These "substrings" can be of arbitrary mixed lengths, as long as you keep track of them. For instance, you might have 10 of the labels discussed in the above example at 16 bytes each, followed by 12 strings of up to 40 bytes each, including terminal nulls. If these strings are numbered 0-11 you could find the location of the UBth string via Str0[16 * 10 + 40 * UB].

You can use two-index addressing to eliminate the need for terminal nulls, or to select only a portion of a substring. For example, the Auto_Recorder macro mini-app sets the following substrings near the start of the macro:

    Str0[0]="RMS Event Threshold, %FS" +z      ;Ctrl0 w. Btn2 = 0
    Str0[32]="Peak Event Threshold, %FS" +z    ;Ctrl0 w. Btn2 = 1
    Str0[2*32]="RMS Quiet Threshold, %FS" +z   ;Ctrl1 w. Btn2 = 0
    Str0[3*32]="Peak Quiet Threshold, %FS" +z  ;Ctrl1 w. Btn2 = 1

    Str0[130]="RMS Mode" +z                    ;Btn2 = 0
    Str0[130 + 16]="Peak Mode" +z              ;Btn2 = 1

    Str0[170]="Event = Left " +z               ;Btn4 = 0
    Str0[170 + 16]="Event = Right" +z          ;Btn4 = 1
    Str0[170 + 2*16]="Event = Both " +z        ;Btn4 = 2

    Str0[220]="Setup TC = 10  " +z             ;Btn5 = 0
    Str0[220 + 16]="Setup TC = 100 " +z        ;Btn5 = 1
    Str0[220 + 2*16]="Setup TC = 1000" +z      ;Btn5 = 2

These are all null-terminated (the +z after each inserts a zero), and they are used that way for normal labels. But these same strings are used to send shortened versions of current settings to a log file. The Mode may be either "RMS" or "Peak", depending on the Btn2 setting, but the whole "RMS Mode" or "Peak Mode" strings are not sent. Instead, only the first 4 characters are used by setting the second index to -4. (See String Indexes, above.)

The mode thus could have been sent as Str0[130 + 16*Btn2,-4], but note that the Ctrl0 labels at Str0[0] also include the current mode at the start, so Str0[32*Btn2,-4] does the same job in less space. See, for example, the Btn3 Event Logging toggle code in _Auto_Rec_Ctrls custom controls handler, where the relevant substring is italicized here for clarity:

    ...
    IF.Ctrls=7             ;Btn3 = Event Logging toggle
        ...
        LogTxt=n +"Chan" +p7 +"Mode" +p13 +"Thresh" +p21 _  ;Settings
            +"QuTh" +p27 +"PreSt" +p34 +"MinQu" +p42 +"TC" _
            +n + Str0[178 + 16*Btn4,-5] +p8 +Str0[32*Btn2,-4] _
            +p16 +Ctrl0(0) +p23 +Ctrl1(0) +p29 +Ctrl2(0) _
            +p36 +Ctrl3(0) +p43 +Str0[231 + 16*Btn5]

Likewise, the Btn4 Event Channel strings start at Str0[170] but the leading "Event = " portion is not sent to the log.

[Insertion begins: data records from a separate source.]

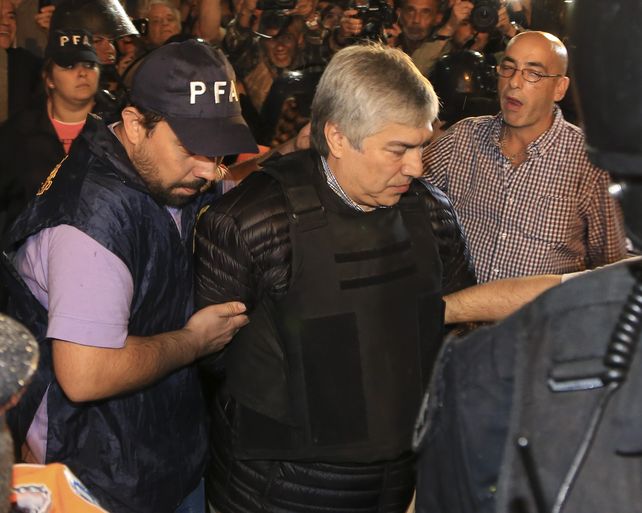 Lázaro Báez le pidió al juez que investigue a los funcionarios que tenían que controlar la obra pública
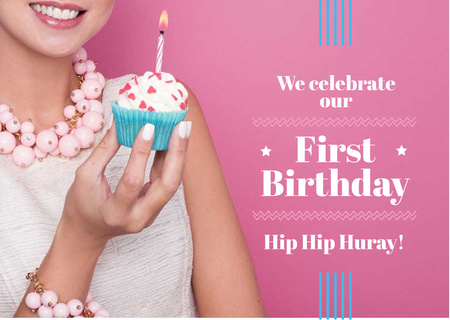 Template di design First birthday invitation card on pink Card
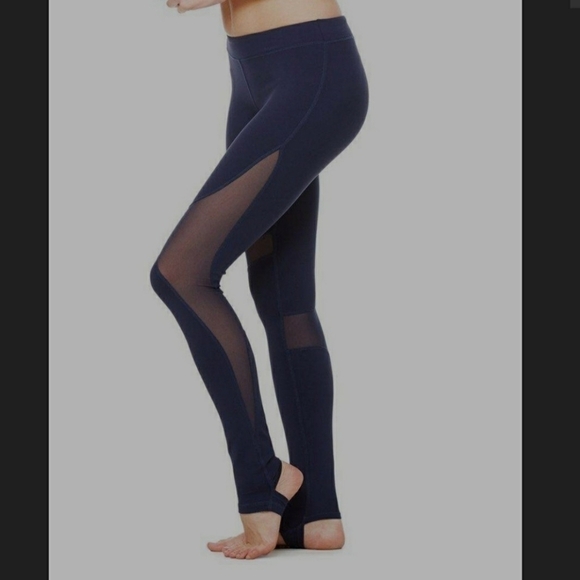 ALO Mukha Yoga Coast Legging - Picture 1 of 14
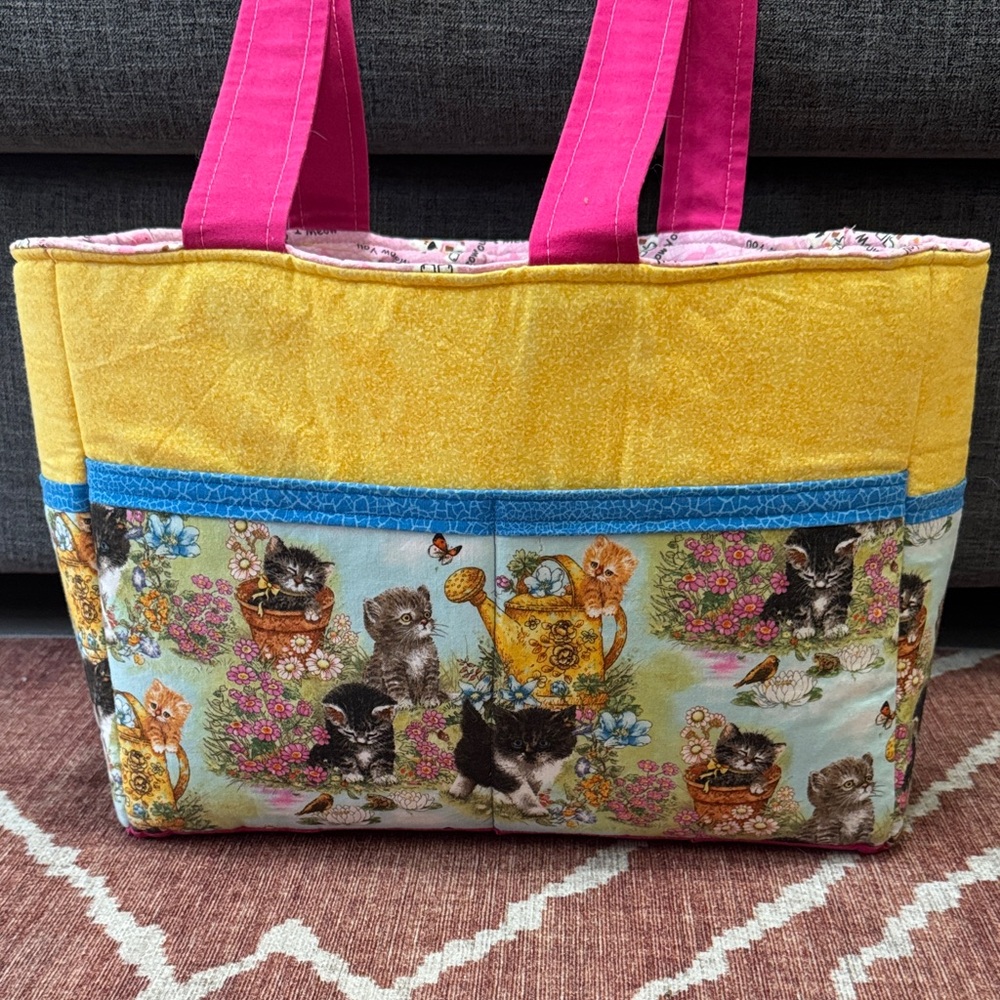 Handmade Padded Tote Bag – Cat Print Patchwork Organizer w/ Tons of Pockets - Picture 1 of 10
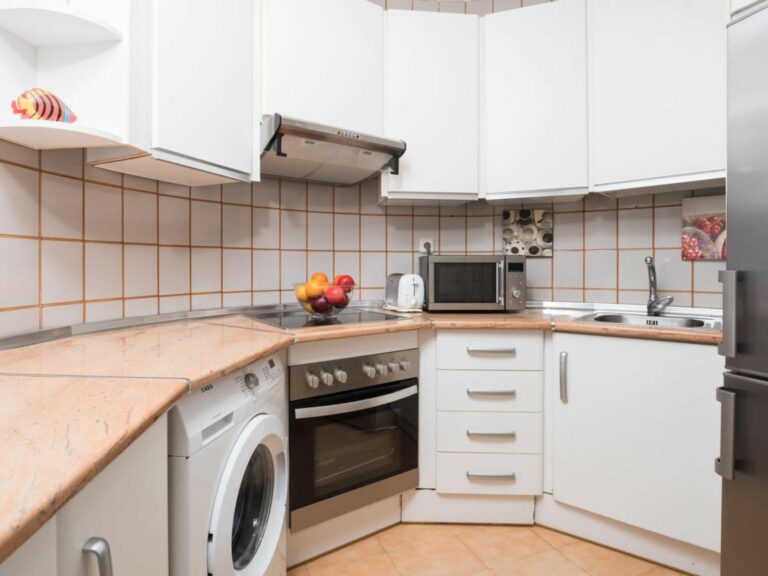 59aa24b6cb4542e1f9fa54dec64c38c3 - 6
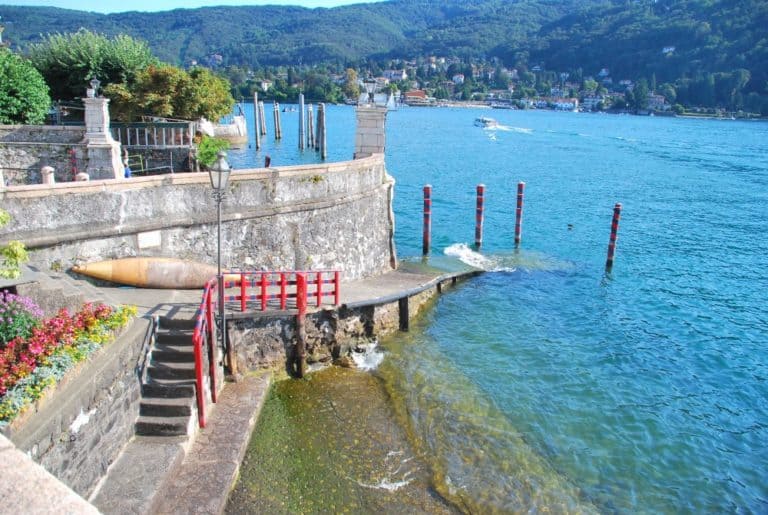 Italia, Lago Maggiore, Isola Bella – bordo dell’acqua, agosto 2013 (Piemonte)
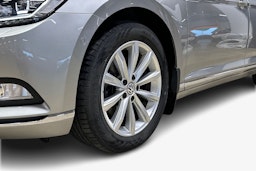 harmaa Volkswagen Passat 2015 kuva 11.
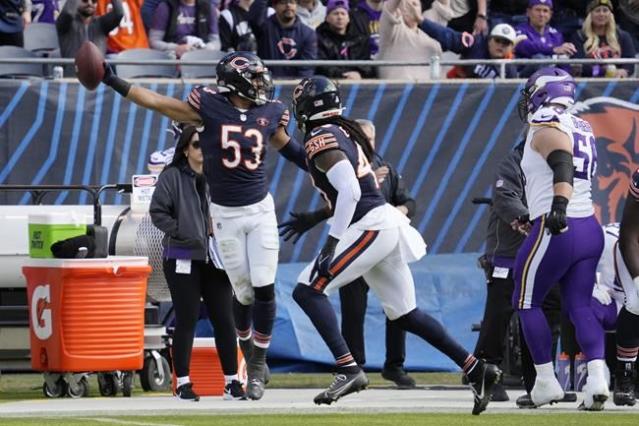 Cousins, Hicks lead way as Vikings knock out Fields, beat Bears 19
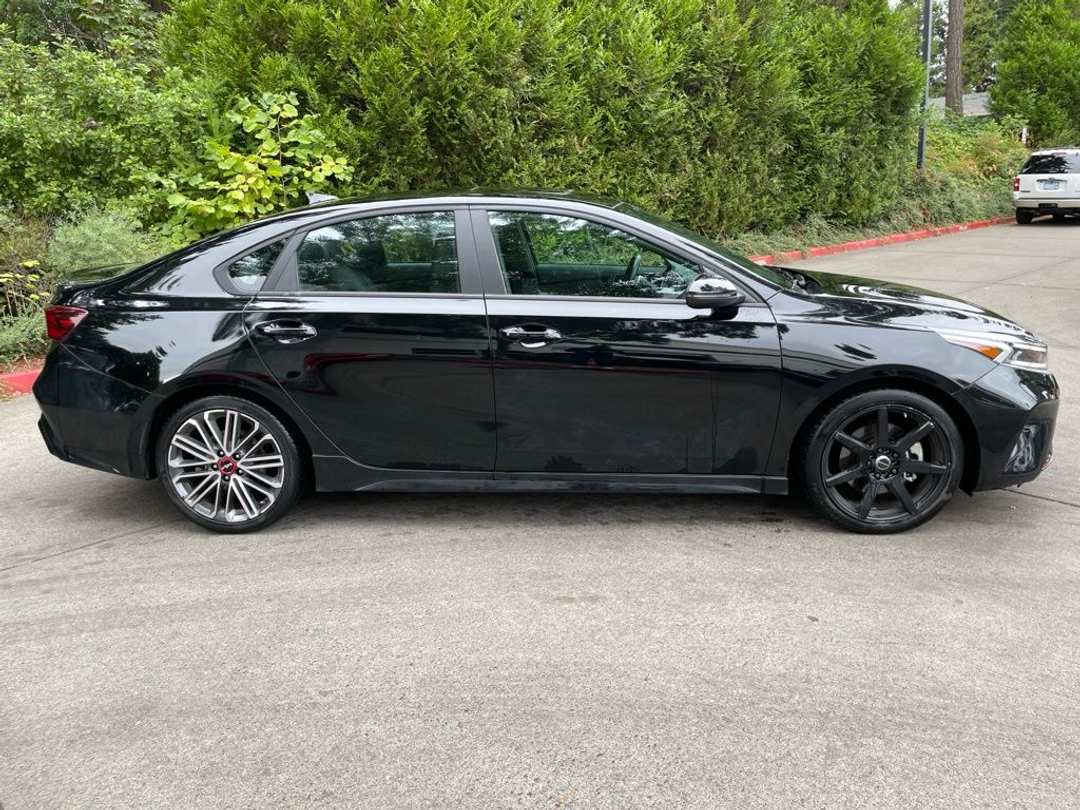 2024 Kia Forte GT - Image 3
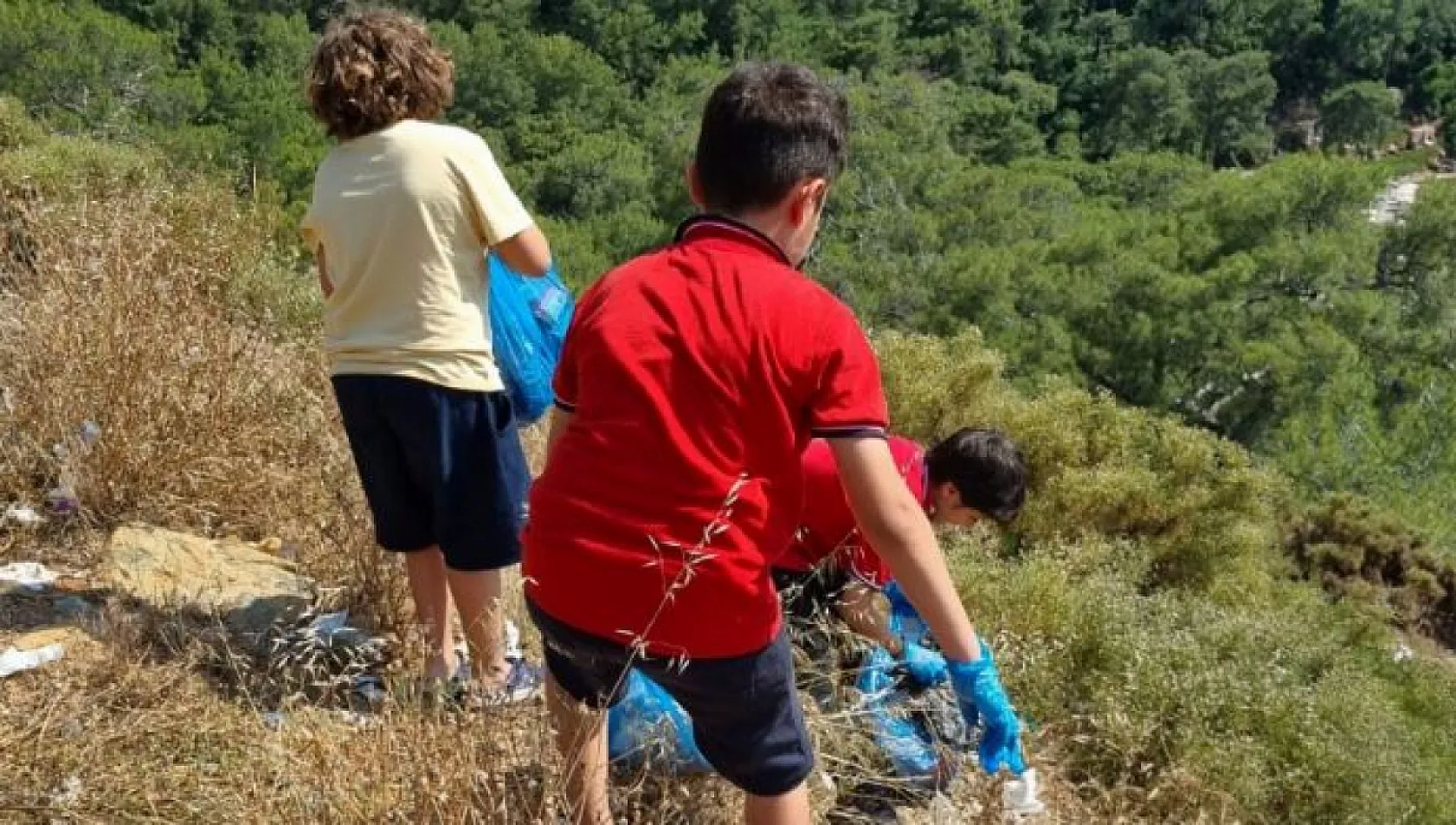 Fethiye Gazi Ortaokulu 5/B Sınıfı Öğrencilerinden Çevre Bilinci Dersi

Instead, the start index is advanced to 178 to skip over that portion, and only the following 5 characters are sent via Str0[178 + 16*Btn4,-5]. (Note that an extra space was included after "Left " and "Both " to pad them up to 5 characters to match "Right".)

The same strategy is used to show the Btn5 Setup TC. Those strings start at index 220, but by starting instead at 231 we skip over the "Setup TC = " portion and only send the values of "10 ", "100 ", or "1000" via Str0[231 + 16*Btn5]. In this case the second index can be omitted since we are using the tail end of these strings.


String Size:

UN=Str0?N sets variable UN with the size of the string in Str0. The count includes all displayable characters before the first null.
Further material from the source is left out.